Universal Pictures Vice Chairman Marc Shmuger said he too would have liked the film to open in July, which is historically a much more lucrative moviegoing month than August. But he decided the movie would face too much competition on the July 12 weekend and felt that the studio needed more time to launch a grass-roots marketing blitz and convince a critical demographic--the under-21 crowd--that the film was "cool."
"This movie was not on the radar," Shmuger said. "We had to make it relevant to the pop culture."
Though disputes between filmmakers and studios are commonplace in Hollywood, the "Blue Crush" ordeal illustrates how high the stakes are in the chess game that studios play when picking release dates.
Because quality alone is not enough to make a hit these days, studios pour tens of millions into marketing campaigns and stake out key weekends to open their biggest films, sometimes two years in advance. Sony Pictures Entertainment already has claimed the May 7 weekend in 2004 for its sequel to "Spider-Man."
The competition is particularly fierce during the highest-grossing seasons of the year--the summer and winter holidays--when studios regularly engage in last-minute jockeying of releases to stay out of one another's way.
Sony Pictures and Revolution Studios, for example, moved the high-octane spy-action thriller "XXX" from its planned Aug. 2 release date to Aug. 9 to avoid banging up against Walt Disney Co.'s supernatural thriller "Signs," starring Mel Gibson.
"The release date is certainly one of the most important factors in opening a movie," Warner Bros. distribution chief Dan Fellman said. "We're in a very risky business, and you want to open a film in a time frame when you can reach the widest possible audience with the least amount of competition."

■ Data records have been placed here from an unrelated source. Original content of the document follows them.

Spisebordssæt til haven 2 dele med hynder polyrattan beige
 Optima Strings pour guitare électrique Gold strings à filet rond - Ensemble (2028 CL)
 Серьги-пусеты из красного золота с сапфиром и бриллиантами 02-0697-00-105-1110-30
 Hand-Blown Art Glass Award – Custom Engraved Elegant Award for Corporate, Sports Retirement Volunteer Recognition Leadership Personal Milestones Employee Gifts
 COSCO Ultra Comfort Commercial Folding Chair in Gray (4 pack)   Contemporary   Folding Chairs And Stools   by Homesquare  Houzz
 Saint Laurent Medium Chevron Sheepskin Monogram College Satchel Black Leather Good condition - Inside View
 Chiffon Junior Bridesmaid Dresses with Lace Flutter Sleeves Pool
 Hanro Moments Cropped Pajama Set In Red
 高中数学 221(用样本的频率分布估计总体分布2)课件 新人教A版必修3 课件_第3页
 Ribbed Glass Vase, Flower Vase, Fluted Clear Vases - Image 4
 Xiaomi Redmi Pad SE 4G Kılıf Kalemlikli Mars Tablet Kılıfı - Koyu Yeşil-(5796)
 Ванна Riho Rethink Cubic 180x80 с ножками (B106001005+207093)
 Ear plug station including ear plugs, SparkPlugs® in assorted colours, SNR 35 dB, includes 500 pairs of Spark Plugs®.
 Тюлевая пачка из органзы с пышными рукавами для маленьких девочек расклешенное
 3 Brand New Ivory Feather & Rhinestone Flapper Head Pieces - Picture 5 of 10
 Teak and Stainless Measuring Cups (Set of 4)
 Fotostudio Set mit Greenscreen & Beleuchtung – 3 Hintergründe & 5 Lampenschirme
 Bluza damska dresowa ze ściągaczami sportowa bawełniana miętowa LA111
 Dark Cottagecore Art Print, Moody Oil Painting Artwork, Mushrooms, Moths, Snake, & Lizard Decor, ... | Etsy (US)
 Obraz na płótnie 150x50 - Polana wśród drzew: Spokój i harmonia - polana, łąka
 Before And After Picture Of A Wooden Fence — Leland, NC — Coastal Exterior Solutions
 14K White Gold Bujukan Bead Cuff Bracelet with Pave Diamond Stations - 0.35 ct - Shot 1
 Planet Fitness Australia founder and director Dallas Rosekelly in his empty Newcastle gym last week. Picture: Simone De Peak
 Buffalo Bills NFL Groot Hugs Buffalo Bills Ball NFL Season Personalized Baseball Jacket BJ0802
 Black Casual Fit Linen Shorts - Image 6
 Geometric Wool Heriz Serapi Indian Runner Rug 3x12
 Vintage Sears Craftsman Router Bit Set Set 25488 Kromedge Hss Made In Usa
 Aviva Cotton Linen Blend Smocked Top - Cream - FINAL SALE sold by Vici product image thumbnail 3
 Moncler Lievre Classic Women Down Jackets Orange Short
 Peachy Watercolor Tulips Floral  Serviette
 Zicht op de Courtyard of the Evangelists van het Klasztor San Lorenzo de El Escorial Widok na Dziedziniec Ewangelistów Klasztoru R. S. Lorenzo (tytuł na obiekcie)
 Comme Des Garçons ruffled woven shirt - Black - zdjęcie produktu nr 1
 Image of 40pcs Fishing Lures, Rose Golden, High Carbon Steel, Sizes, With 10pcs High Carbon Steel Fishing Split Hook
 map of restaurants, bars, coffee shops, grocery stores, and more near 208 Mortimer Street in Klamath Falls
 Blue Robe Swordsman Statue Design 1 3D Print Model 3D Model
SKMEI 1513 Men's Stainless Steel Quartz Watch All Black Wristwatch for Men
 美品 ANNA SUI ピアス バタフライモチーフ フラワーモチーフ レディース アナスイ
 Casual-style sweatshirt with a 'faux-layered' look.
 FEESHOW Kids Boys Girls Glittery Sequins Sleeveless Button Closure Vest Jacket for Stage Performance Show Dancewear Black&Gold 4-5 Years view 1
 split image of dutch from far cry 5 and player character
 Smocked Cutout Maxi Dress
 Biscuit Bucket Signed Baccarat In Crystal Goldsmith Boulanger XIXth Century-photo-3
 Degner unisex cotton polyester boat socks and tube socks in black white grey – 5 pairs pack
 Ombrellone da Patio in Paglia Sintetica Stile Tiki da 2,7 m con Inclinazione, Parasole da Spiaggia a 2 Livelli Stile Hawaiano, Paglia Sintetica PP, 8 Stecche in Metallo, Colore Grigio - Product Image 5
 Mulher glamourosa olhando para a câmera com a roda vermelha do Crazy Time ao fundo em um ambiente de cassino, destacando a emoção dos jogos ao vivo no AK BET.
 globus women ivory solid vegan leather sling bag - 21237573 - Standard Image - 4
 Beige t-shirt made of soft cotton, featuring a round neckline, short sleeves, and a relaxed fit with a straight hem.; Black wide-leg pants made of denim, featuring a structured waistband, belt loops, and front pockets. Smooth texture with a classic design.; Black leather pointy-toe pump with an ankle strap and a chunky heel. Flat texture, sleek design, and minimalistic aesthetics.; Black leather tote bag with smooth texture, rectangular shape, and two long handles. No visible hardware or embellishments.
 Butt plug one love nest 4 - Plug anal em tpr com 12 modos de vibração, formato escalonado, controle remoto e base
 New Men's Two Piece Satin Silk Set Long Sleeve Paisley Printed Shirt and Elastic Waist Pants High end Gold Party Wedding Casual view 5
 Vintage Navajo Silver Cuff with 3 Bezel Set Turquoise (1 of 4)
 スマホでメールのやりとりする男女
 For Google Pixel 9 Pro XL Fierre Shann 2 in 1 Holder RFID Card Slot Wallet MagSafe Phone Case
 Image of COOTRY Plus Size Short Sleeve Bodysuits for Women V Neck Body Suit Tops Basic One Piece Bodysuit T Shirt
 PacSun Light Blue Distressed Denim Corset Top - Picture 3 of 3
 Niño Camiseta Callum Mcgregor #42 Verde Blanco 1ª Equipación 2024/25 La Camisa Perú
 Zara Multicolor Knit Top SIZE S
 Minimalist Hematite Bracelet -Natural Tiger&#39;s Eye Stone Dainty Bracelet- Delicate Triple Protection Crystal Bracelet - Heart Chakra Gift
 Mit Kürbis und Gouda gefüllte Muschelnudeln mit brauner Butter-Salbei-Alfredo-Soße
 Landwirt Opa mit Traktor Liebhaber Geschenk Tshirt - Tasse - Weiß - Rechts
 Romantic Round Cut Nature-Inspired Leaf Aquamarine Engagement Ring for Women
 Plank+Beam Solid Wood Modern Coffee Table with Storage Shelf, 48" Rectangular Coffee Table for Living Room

Something certainly not lost on Grazer is that 25% of the nation's youngsters already are back in school, and by next weekend 40% will be. By Labor Day weekend, it's 60%. And, according to Paul Dergarabedian, president of box-office tracking firm Exhibitor Relations Co., business has been down for the last four weekends.
Shmuger insists there's still plenty of audience out there.
"It's less perfect to push it back to August, but it's still within summer playtime," Shmuger said. "We have to choose among imperfect possibilities all the time. You try to make the best choice possible."
In the case of "Blue Crush," the discussions about a release date were the subject of a series of meetings earlier this year and reflected in a two-page memo to Grazer in which Shmuger handicapped the competition.
Shmuger feared that a small, unknown film without stars, extraordinary visual effects or a slam-dunk high concept risked getting wiped out by a wave of high-profile movies such as "Men in Black II" and "Road to Perdition," which came into the market with ready-made audience awareness.
Inspired by Susan Orlean's Outside magazine article "Surf Girls of Maui" and directed and co-written by John Stockwell, the film features an ensemble cast of relative newcomers.
Kate Bosworth, Michele Rodriguez and Hawaii native Sanoe Lake portray surfer roommates trying to make it in the adrenaline-charged, male-dominated and dangerous sport of competitive surfing.
Universal executives hope that "Blue Crush" will become a sleeper hit much like "Bring It On," the studio's low-cost cheerleader film that debuted in late August 2000 to a strong reception, and last summer's car-racing movie "The Fast and the Furious."
The studio launched an aggressive promotional campaign to raise awareness among young moviegoers, deploying local "street teams" across the country to hand out "Blue Crush" beach towels, beach bags, posters and other movie paraphernalia at more than 1,000 different events--from a Britney Spears concert in Detroit to a teen fashion show at Minneapolis' Mall of America.